By Tim Gorta
DNAinfo Reporter/Producer
UPPER MANHATTAN - Dozens of people gathered in Upper Manhattan Saturday to show their support for renewing and strengthening expiring rent-stabilization laws.
"The rent-regulation laws are about to expire on June 15 and there's no real push to renew them" said George Fernandez, the President of the Inwood Advocates Coalition for Tenants' Rights. "One million rent-stabilized apartments could be in jeopardy."
The march kicked off at 155th Street and Broadway, in Washington Heights and stretched to Dyckman Street in Inwood, neighborhoods that are especially affected by rent regulations.
"Governor Cuomo hasn't lifted a finger" to act on this issue, said Jeanie Dubnau of the Riverside Edgecombe Neighbors Association.
Some local politicians were on hand to join the march and lend their support for the cause.

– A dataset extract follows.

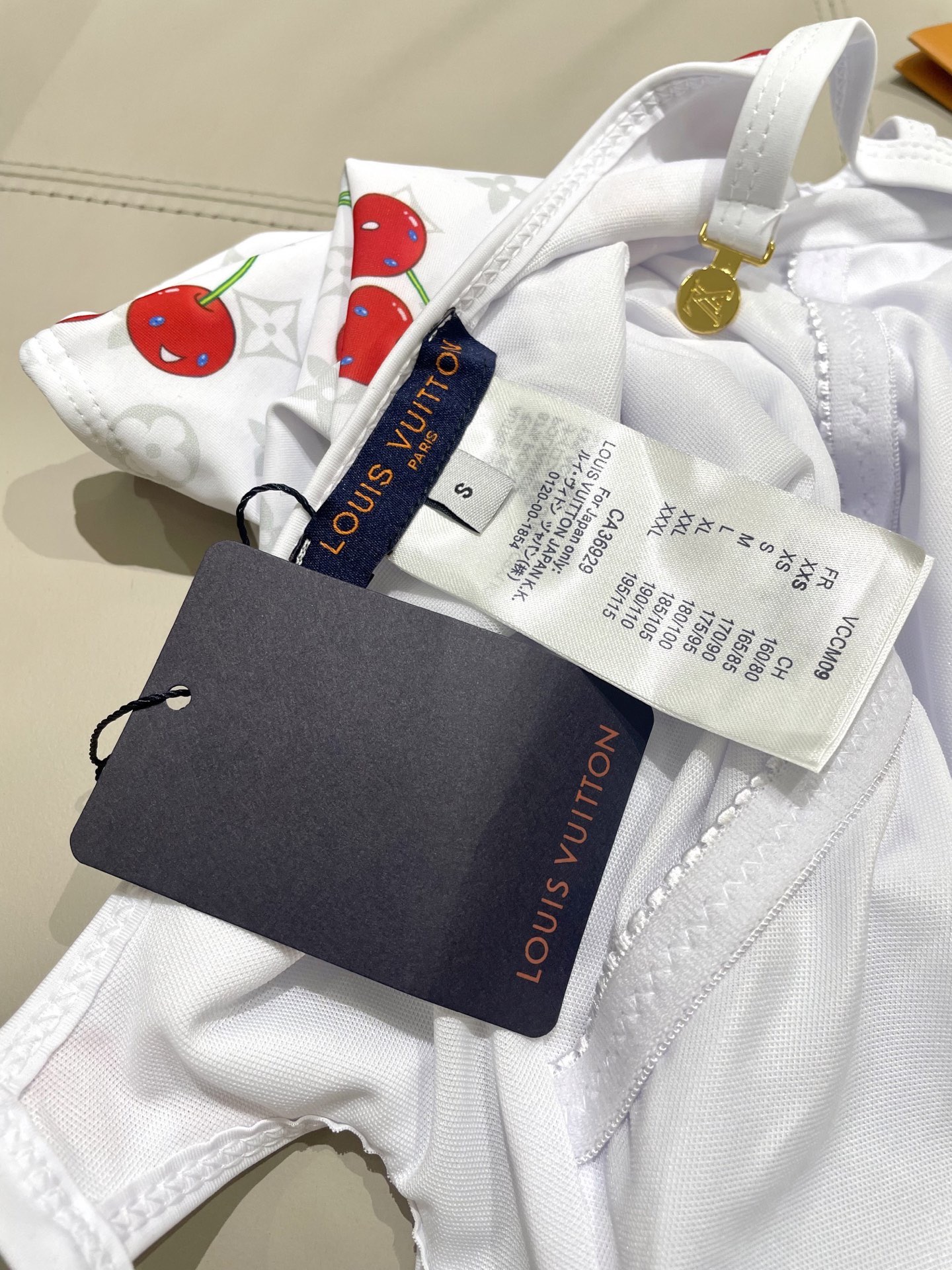 Lv新款连体泳衣 😍🥰适合多种场景的游泳衣🏊‍♀️海边 游泳池 温泉 水上乐园 漂流都可以😌面料：透气舒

"We're fighting in order to renew and strengthen rent-stabilization laws," said local City Council member Robert Jackson. "I am here because I am an elected official and a rent-stabilized tenant. I have a vested interest."
State Senator Adriano Espaillat agreed.
"We have to strengthen tenant protection to keep families in their apartments," he said.
And City Council member Ydanis Rodriguez said: "Rent regulation is the only guarantee we have to protect tenants' rights. Without it, working class and middle class people will not be able to pay the rent."
Joe Smith, 64, was adamant about keeping rents under control.
"It's important [to have the march] so people can have stabilized rents without having their rent jacked up every two years," the Washington Heights retiree said. "The cost of living goes up but nobody's wages go up."